Einmarsch oder Reaktorkatastrophe

Die Bunker schützen für den Fall, dass eine fremde Armee in die Schweiz einmarschiert oder es zu einer Reaktorkatastrophe kommt. Beides war noch nie der Fall. Aber man will für alle Fälle vorbereitet sein. „Die Behörden gehen davon aus, dass man je nach Ereignis mehrere Stunden bis mehrere Tage in den Schutzräumen überleben könnte“, sagt Gregor Müller, Kommandant der Zivilschutzorganisation Aargau-Süd.

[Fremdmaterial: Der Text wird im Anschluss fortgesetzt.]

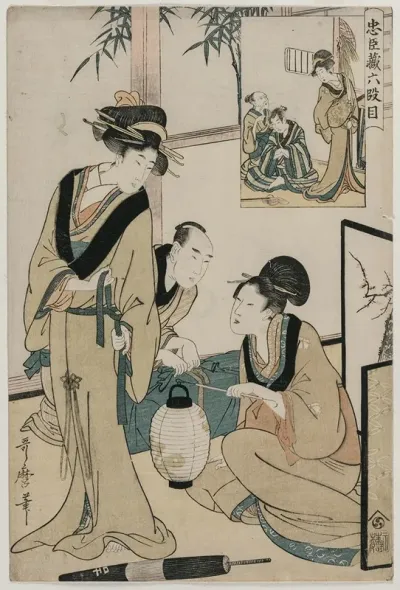 Chushingura Act Vi Of The Storehouse Of Loyalty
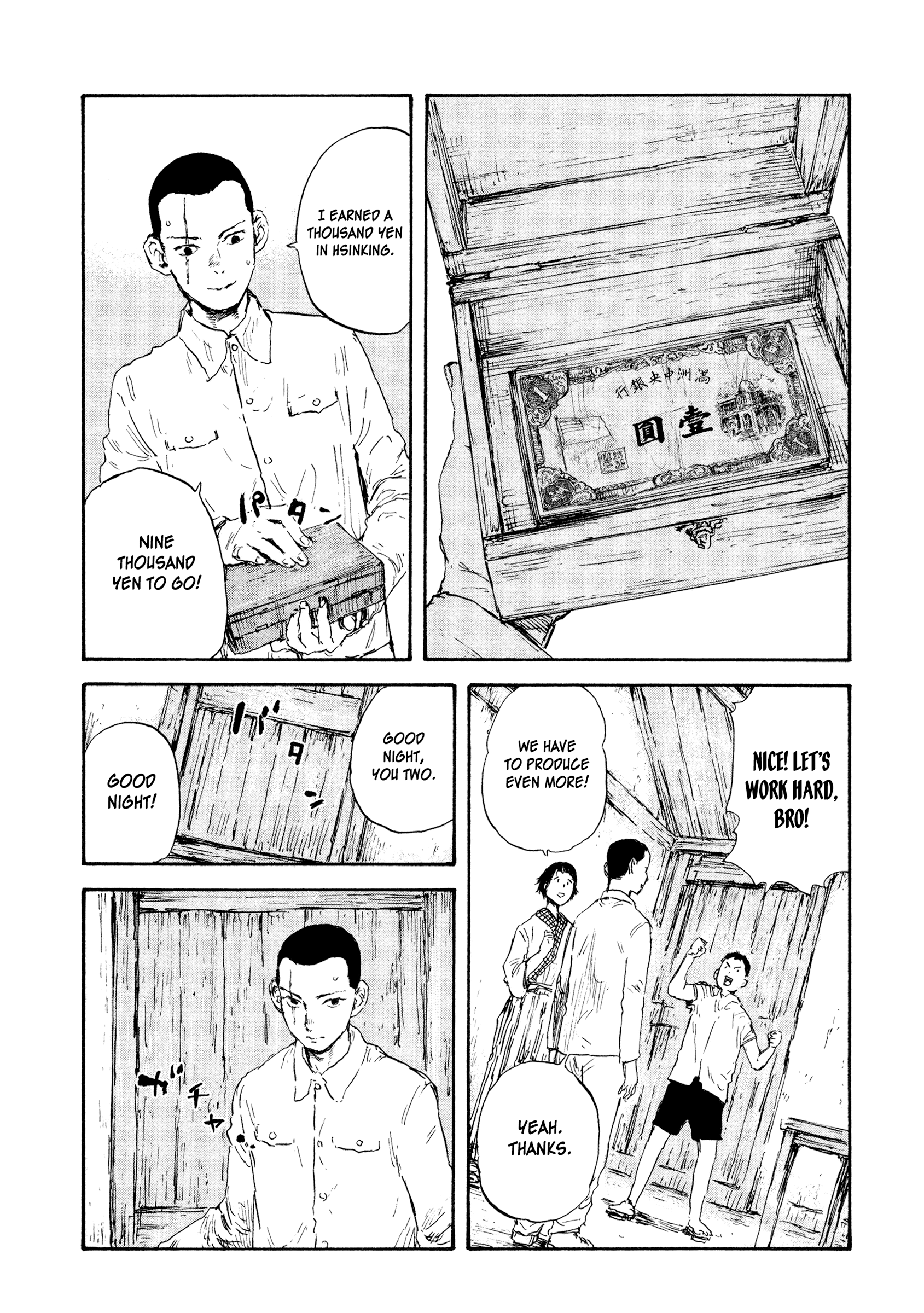 Manchuria Opium Squad chapter 30 - page 13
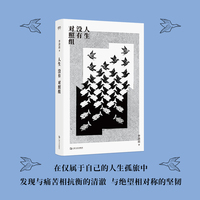 人生没有对照组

Unterirdischer Operationssaal

Auch eine medizinische Notversorgung wäre unterirdisch möglich, zeigt Schutzraumexperte Christoph Singer anhand einer Sanitätsstelle mit Krankenstation und Operationssaal. Das Operationsbesteck aus den 1970er Jahren liegt wie neu und vollzählig bereit für den Ernstfall: „Sie sind damit befähigt, gewisse Eingriffe an verletzten Personen vorzunehmen, die Leute auch zu pflegen und unterzubringen in einem Notfall oder einem Konflikt.“

Modernisieren würde Millionen kosten

Die Schutzraum-Ausstattung ist teilweise in die Jahre gekommen. Kurz vor dem Reaktorunfall in Fukushima gab es Überlegungen, die Schutzräume aufzulassen – das war dann kein Thema mehr. Durch den Ukrainekrieg wird nun darüber nachgedacht, die Schutzräume auf den neuesten Stand zu bringen, doch das würde Millionen kosten. Daher werden die unterirdischen Schutzräume in der Schweiz wohl weiter im Dornröschenschlaf verbleiben.